Check if a matrix is a Toeplitz matrix

Question

You will be given a two-dimensional array and a number and you are asked to find whether the given matrix is Toeplitz or not. A matrix is a Toeplitz matrix if every descending diagonal, going from left to right, has only one distinct element. That is, it should be in the form:

Input Format:

You will be given a function which will take two-dimensional matrix as argument.

Output Format:

Return 1 from the function if the matrix is Toeplitz, else return -1.

Constraints:

3 < n,m < 10,000,000

where n is the number of rows while m will be the number of columns.

Sample Test Case:

Sample Input :
4 
5
6 7 8 9 2
4 6 7 8 9
1 4 6 7 8
0 1 4 6 7 

Sample Output : 
1 

Scoring

This is code-golf, so the shortest answer in bytes wins.

Answer 1

Mathematica, 42 bytes

2Boole[#==ToeplitzMatrix[#&@@@#,#&@@#]]-1&

Mathematica doesn't have a built-in to check whether something is a Toeplitz matrix, but it does have a built-in to generate one.
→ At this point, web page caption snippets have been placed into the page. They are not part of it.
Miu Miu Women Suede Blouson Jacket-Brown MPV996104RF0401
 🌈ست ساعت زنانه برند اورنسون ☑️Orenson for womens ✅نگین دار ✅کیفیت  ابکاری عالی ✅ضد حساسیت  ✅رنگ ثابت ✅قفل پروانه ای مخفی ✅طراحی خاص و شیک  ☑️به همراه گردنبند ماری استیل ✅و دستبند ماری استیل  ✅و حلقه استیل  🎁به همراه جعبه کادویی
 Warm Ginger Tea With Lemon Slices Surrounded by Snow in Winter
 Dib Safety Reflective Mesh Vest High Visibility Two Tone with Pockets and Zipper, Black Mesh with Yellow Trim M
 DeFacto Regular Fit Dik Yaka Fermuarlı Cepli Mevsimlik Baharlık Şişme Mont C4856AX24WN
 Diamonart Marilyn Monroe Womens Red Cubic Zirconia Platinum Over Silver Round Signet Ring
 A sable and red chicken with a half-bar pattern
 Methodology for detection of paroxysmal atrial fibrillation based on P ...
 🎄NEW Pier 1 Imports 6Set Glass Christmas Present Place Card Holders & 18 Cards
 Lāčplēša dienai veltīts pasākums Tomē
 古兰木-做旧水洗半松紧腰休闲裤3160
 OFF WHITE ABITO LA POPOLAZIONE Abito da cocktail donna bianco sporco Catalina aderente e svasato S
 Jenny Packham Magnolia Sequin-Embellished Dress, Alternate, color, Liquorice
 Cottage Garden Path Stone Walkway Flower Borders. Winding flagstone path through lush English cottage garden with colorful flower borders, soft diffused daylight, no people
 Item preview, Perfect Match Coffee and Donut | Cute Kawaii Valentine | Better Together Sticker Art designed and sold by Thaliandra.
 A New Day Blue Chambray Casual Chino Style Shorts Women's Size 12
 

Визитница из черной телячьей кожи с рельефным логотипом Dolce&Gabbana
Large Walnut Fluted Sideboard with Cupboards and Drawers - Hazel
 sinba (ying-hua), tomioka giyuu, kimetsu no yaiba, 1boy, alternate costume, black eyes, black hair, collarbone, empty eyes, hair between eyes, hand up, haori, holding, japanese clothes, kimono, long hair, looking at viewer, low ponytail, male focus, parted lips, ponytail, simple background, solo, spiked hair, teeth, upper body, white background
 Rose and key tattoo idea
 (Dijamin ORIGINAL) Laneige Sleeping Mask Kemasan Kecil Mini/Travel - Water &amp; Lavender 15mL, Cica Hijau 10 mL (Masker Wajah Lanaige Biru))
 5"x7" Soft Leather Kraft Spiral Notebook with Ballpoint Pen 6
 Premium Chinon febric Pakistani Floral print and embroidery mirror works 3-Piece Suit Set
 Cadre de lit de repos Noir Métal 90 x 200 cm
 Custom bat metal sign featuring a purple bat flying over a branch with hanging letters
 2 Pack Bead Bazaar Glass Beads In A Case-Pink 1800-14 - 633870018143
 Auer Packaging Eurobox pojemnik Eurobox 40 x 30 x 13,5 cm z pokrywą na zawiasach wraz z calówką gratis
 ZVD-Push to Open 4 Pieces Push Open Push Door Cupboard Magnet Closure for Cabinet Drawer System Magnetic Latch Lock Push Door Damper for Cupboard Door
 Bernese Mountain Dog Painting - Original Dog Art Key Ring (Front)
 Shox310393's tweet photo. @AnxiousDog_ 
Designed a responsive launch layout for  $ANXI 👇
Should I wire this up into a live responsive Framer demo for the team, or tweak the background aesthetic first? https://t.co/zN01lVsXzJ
So we generate one from the first column (#&@@@#) and the first row (#&@@#) of the input and check whether it's equal to the input. To convert the True/False result to 1/-1 we use Boole (to give 1 or 0) and then simply transform the result with 2x-1.

Answer 2

Octave, 30 bytes

I'm assuming I don't have to handle 1,000,000x1,000,000 matrices as it says in the challenge. This works for matrices that don't exceed the available memory (less than 1 TB in my case).

@(x)x==toeplitz(x(:,1),x(1,:))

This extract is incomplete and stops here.